Mais de l’autre côté, voir certains clients travailler dans de mauvaises conditions ne lui donne pas envie. «Je suis aussi content de vivre des moments sur un lieu de travail qui ne soit pas la maison, exprime Raphael Weisskopf. Et je pense qu’à long terme, ceux qui seraient contraints au télétravail trop souvent pourraient perdre pied avec la réalité.»

Différences renforcées

S’agit-il donc, entre ceux qui auraient le choix du télétravail et ceux pour qui il est inenvisageable, d’un nouveau clivage? «Oui et non, répond Nicky Le Feuvre. Je pense que cette pratique renforce des différences qui existaient déjà entre ceux qu’on appelait les cols-bleus, qui font des tâches manuelles, et les cols blancs, les travailleurs de bureau. Mais le télétravail pourrait créer de nouveaux clivages dans certaines entreprises où s’exercent ces deux types de métiers.»

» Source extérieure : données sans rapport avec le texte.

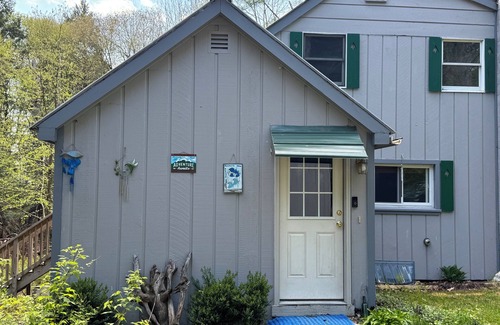 Denmark Cabin | Charming cabin,Lake access, Serene setting! Backyard bubbling brook!Pets welcome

La scierie Zahnd à Rueyres, dans le canton de Vaud, compte une cinquantaine de collaborateurs: une majorité de scieurs et quelques employés aux postes administratifs ou de comptabilité, ces derniers exerçant par moments le télétravail. Existe-t-il une scission entre les télétravailleurs et les autres? «Non, pas du tout. Ceux qui travaillent manuellement ne se sont jamais posé cette question, ils ont l’habitude d’être dehors et se sentent forts de pouvoir y être, ça représente une certaine fierté», répond Thierry Zahnd, qui dirige la PME avec ses deux frères. «A mon avis, ne pas changer d’air et d’autres conditions liées au télétravail peut être plus difficile que de travailler sur le terrain.»

Des inégalités pour qui?

Les inégalités ne sont donc pas forcément du côté que l’on imagine. «Il faut éviter de trop enjoliver l’expérience du télétravail, croit également Nicky Le Feuvre. Elle peut représenter une immense source de solitude, et on y perd aussi beaucoup en intelligence collective. On peut constater que les gens ne sont pas forcément déçus de ne pas pouvoir télétravailler, et cela doit nous alerter sur l’aspect moins épanouissant du travail à domicile. Il n’y a pas dans l’absolu des avantagés et des exclus.»

C’est aussi l’avis de Nicole de Cerjat, responsable du service juridique de la Société suisse des employés de commerce. Si la majorité des employés de commerce peuvent faire du télétravail, certains n’ont pas cette option, pour des questions de matériel informatique ou d’infrastructures, mais aussi parce qu’ils travaillent à la réception des entreprises, ou doivent coordonner l’envoi de commandes.

«Certains se sentent lésés parce qu’ils auraient aussi envie d’être à la maison, et pendant le semi-confinement surtout, ils ont eu l’impression de prendre plus de risques que les autres. La différence, c’est qu’avant, être au bureau était autant requis pour ces personnes que pour les autres au sein de l’entreprise. Mais attention, prévient Nicole de Cerjat: d’autres employés ne supportent plus d’être contraints au télétravail. Et on sait que ne pas exercer sur place peut s’avérer plus difficile pour faire carrière. Les inégalités vont donc dans les deux sens.» Elle ajoute: «Il y a toujours eu, au sein de certaines entreprises, un décalage entre ceux dont les horaires sont libres et ceux dont les horaires sont fixes en raison de leur métier.»

Une chose est certaine: si les questions autour de l’emploi et des technologies étaient déjà très discutées en société, le coronavirus a bouleversé toutes les prévisions. «Nous avons beaucoup appréhendé la numérisation du travail comme une menace, en pensant que les machines allaient nous remplacer, rappelle Nicky Le Feuvre. En cette période, elle a permis à beaucoup, pour l’instant, de préserver leurs postes. On réalise que dans l’hôtellerie ou la restauration, c’est l’absence de contact humain, plutôt que l’intelligence de la machine, qui menace les emplois. Et ça, on ne l’avait pas vraiment imaginé.»